Eliza fija su atención en Bogle, sirviente de los Tichborne y el más fiel adalid de la causa del supuesto redivivo, al interesarse por su pasado, lo que sacude con acierto la evolución de la novela al insertarse otro viaje a unas profundidades demasiado olvidadas, las de las epopeyas de África a Jamaica hacia la esclavitud.
La palabra tiene tanta fuerza que muchos la verán como el gran tema de impostura. La señora Touchet, siempre concernida con los más desfavorecidos, puede sentir empatía por ese sufrimiento y despistarnos, pues sus dudas surgen por cómo nadie es a ciencia cierta lo que representa, algo propulsado porque la imagen pública prevalece sobre la privada, desfigurándose las identidades.
La impostura usa muchas maniobras inteligentes para enredar al lector, deslumbrado por los cameos de Dickens o la recreación de los cenáculos literarios a mediados del siglo XIX. Todos esos fastos son tierras sólidas en un entramado que, con sutileza, rebosa zozobra desde la incerteza de esos limbos en que los monstruos se imponen antes del adiós de lo viejo y la victoria de lo nuevo.

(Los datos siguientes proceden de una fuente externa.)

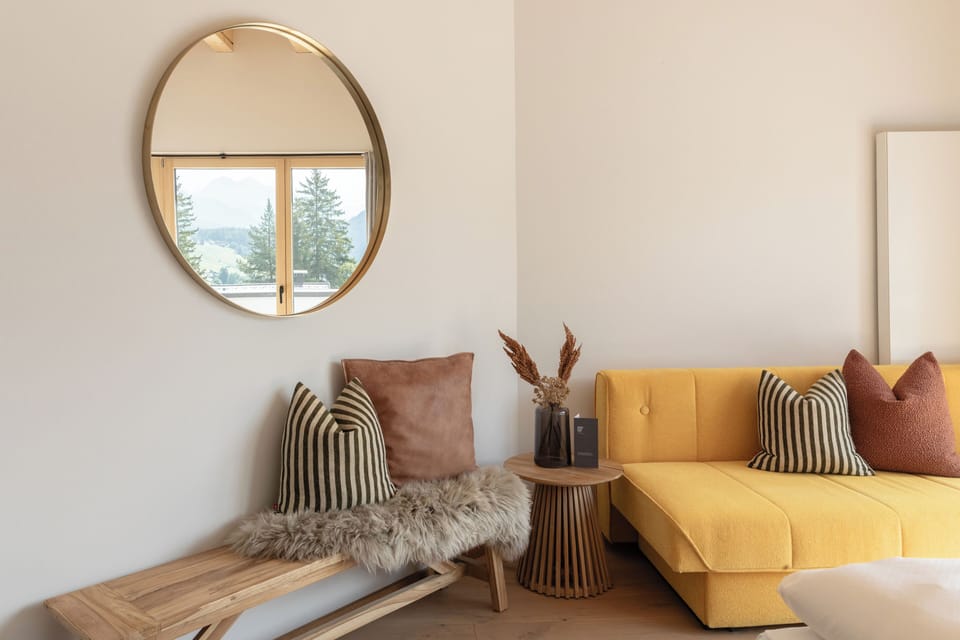 Suite, Balcony | Premium bedding, minibar, in-room safe, free WiFi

Sé que he hablado con Zadie Smith, pero todo ha sido irreal porque nos apeteció, como forma de cambiar lo rutinario de su agenda, dialogar sobre La impostura en un taxi tras saludarnos en el hall de un hotel del centro de Barcelona, donde acordamos, por una cuestión de fluidez ante los escasos minutos disponibles, que yo haría las preguntas en italiano y ella me respondería en inglés.
En medio de ambos teníamos a Jessica, la traductora, con Claudia, la jefa de prensa, junto al conductor. El coche arrancó y empecé a disparar preguntas. El libro te hace plantear cómo una identidad formulada desde lo público siempre es una impostura. “Sí", responde, "porque sería muy poco natural ser uno mismo en el espacio público, pero claro, después está el sentimiento que el libro está destinado a la impostura”.
Charlar de esta manera, viéndonos sin vernos y concentrándonos muchísimo en ser concretos tanto en las cuestiones como en las respuestas, produce un extraño efecto. Es evidente que la impostura debe marcar a la homónima novela, pero, prosigo, desde este predominio de las identidades públicas el contrapunto es la señora Bousquet, porque desde lo privado mantiene su pureza al quedar libre de miradas, como si no existiera.
Reflexiona dos segundos y confiesa que “la señora Bousquet tiene esa identidad pura porque yo creo en la privacidad” y añade que “las personas merecen tener una existencia fuera de lo público". "Hay un caso ahora, el de la cantante americana Chappell Roan que más o menos le ha dicho al mundo que deje en paz, que necesita descansar de tanta sobreexposición", apunta la escritora. "Su trabajo es su trabajo y el resto no le importa a nadie, es una buena forma de seguir siendo un ser humano”.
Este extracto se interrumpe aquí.